The domain detector can identify that a file contains network code. It can't know that the task you're about to build doesn't involve the network. That information lives in the relationship between the task and the codebase — which files are near the ones you pointed at, which modules interact at the boundaries you're about to touch. The detector sees patterns. It doesn't see proximity.
The fix
Three functions. Forty lines total.
proximity_dirs() takes the explicit files the user provided and returns their parent directories. Not the project root. Not the workspace. Just the directories where the targets live.
scan_shallow() scans a single directory without recursing into subdirectories. It grabs the files that live alongside your targets — the ones most likely to share a domain and interact at integration boundaries.
collect_files() now checks: did the user give me explicit files? If yes, use proximity. Scan near the targets, not the tree. If no explicit files — they're exploring, not targeting — fall back to recursive scanning.
That's it. No ML. No relevance scoring. No config. Just: scan near what you know, not everything you can find.
30 to 3
The brain.py scenario that produced 30 files and 25% relevance now produces 3 files and 100% relevance. The scanner finds brain.py itself (the explicit target) and the two other Python files in the same directory. All three are relevant. No Rust. No TypeScript. No Go. No eighteen hints about domains that don't apply.
The number that matters isn't 3. It's 100%. Every file the scanner surfaces is relevant to the task. The domain detector sees Python patterns from Python files near the target. The hints it generates actually apply.

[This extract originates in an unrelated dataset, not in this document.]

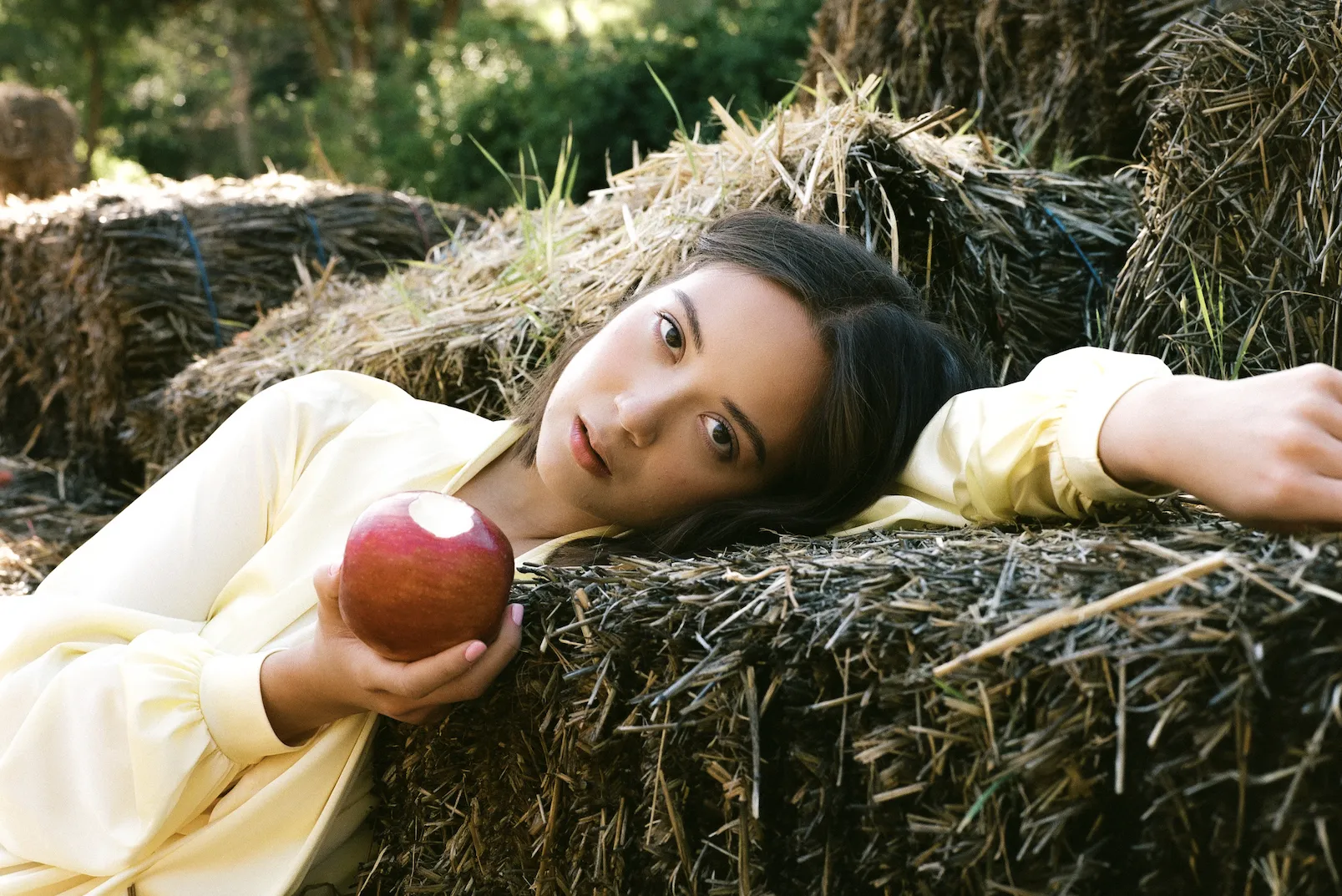 Laufey has shared a new track, 'Falling Behind'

Demand-paged, not bulk-loaded
This is the same principle that makes practices work over storage, applied to a different substrate.
The old scanner was bulk-loaded: traverse the tree, grab everything, cap at 30, detect patterns across all of it. Comprehensive. Passive. The detector gets volume, not relevance.
The new scanner is demand-paged: start with what you know (the explicit files), page in only what's nearby. Focused. Active. The detector gets fewer files but every file is in the right neighborhood.
Bulk-loading is the default because it's easier to implement and doesn't require any information about what matters. Recursive tree walk is one function call. Proximity scanning requires three: resolve the targets, compute the neighbor directories, scan shallowly. More code. More decisions. More correct.
The same tradeoff shows up everywhere in the practices framework:
- Active reconstruction (demand-paged) vs context dump (bulk-loaded) at session start
- Negative knowledge scanning (demand-paged — check domains relevant to today's work) vs full guideline list (bulk-loaded — review everything every time)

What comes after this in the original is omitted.